───── MATERIAL FOR THE TASK ─────

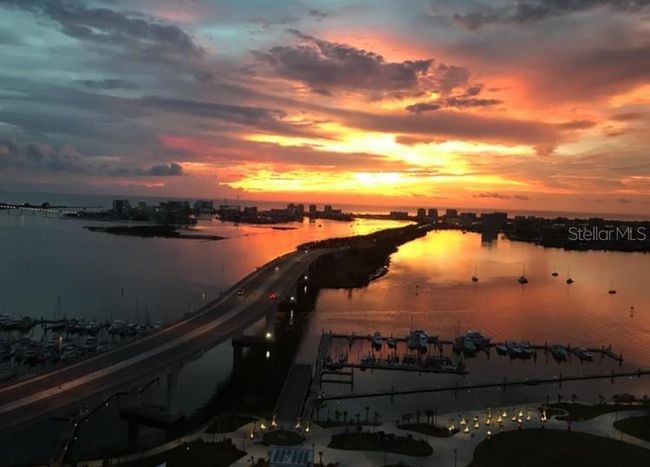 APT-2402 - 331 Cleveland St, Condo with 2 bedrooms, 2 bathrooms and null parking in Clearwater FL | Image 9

─────
───── MATERIAL FOR THE TASK ─────

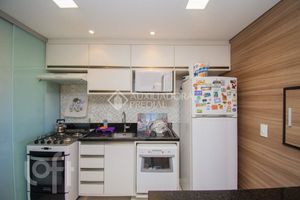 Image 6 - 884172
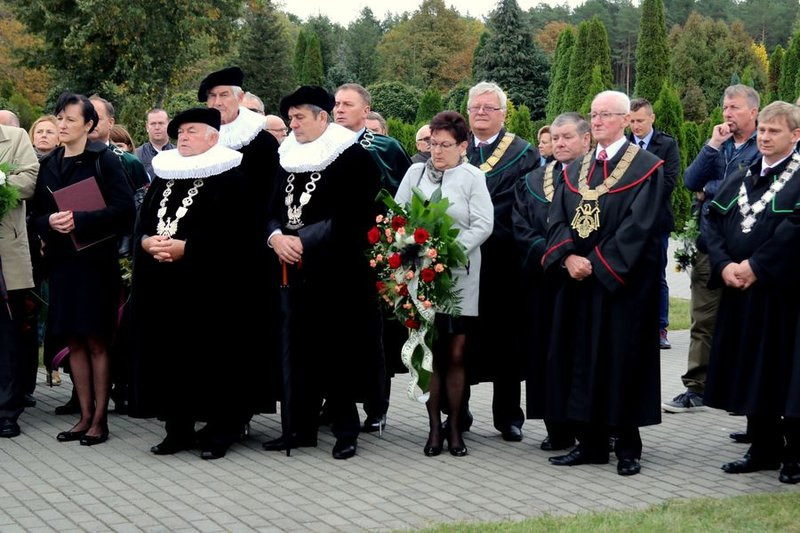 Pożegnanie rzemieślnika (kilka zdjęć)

─────
───── MATERIAL FOR THE TASK ─────

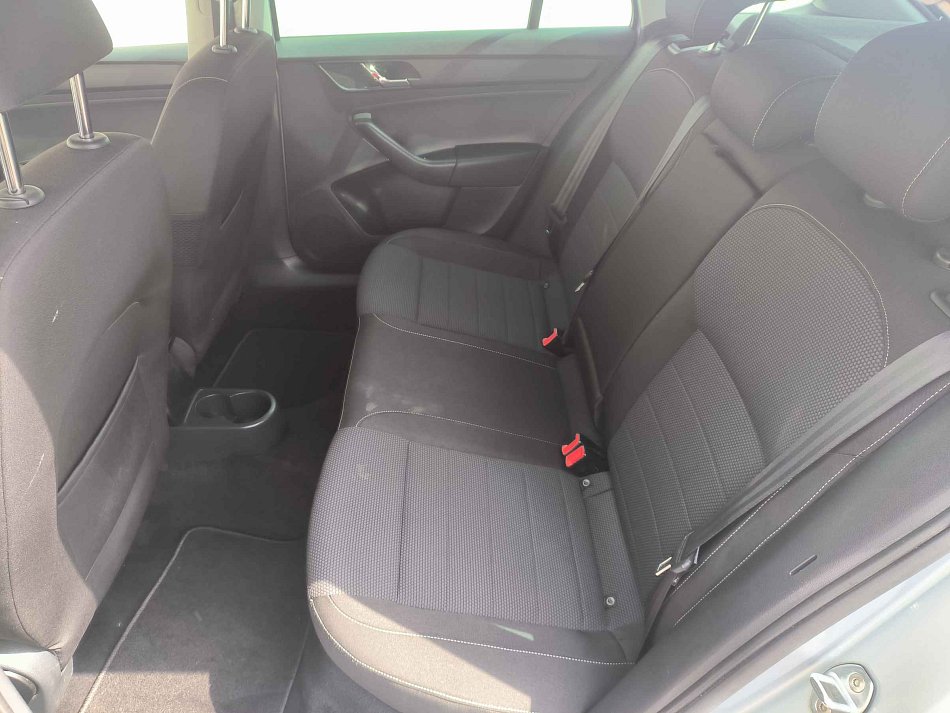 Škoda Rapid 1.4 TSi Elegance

─────

THE TASK.
Leaving out all pictures, set down exactly the lines of the material above, from the line with "Image 6 - 884172" to the line with "Pożegnanie rzemieślnika (kilka zdjęć)" inclusive, and no others.

ANSWER TO THE PROBLEM.
 Image 6 - 884172
 Pożegnanie rzemieślnika (kilka zdjęć)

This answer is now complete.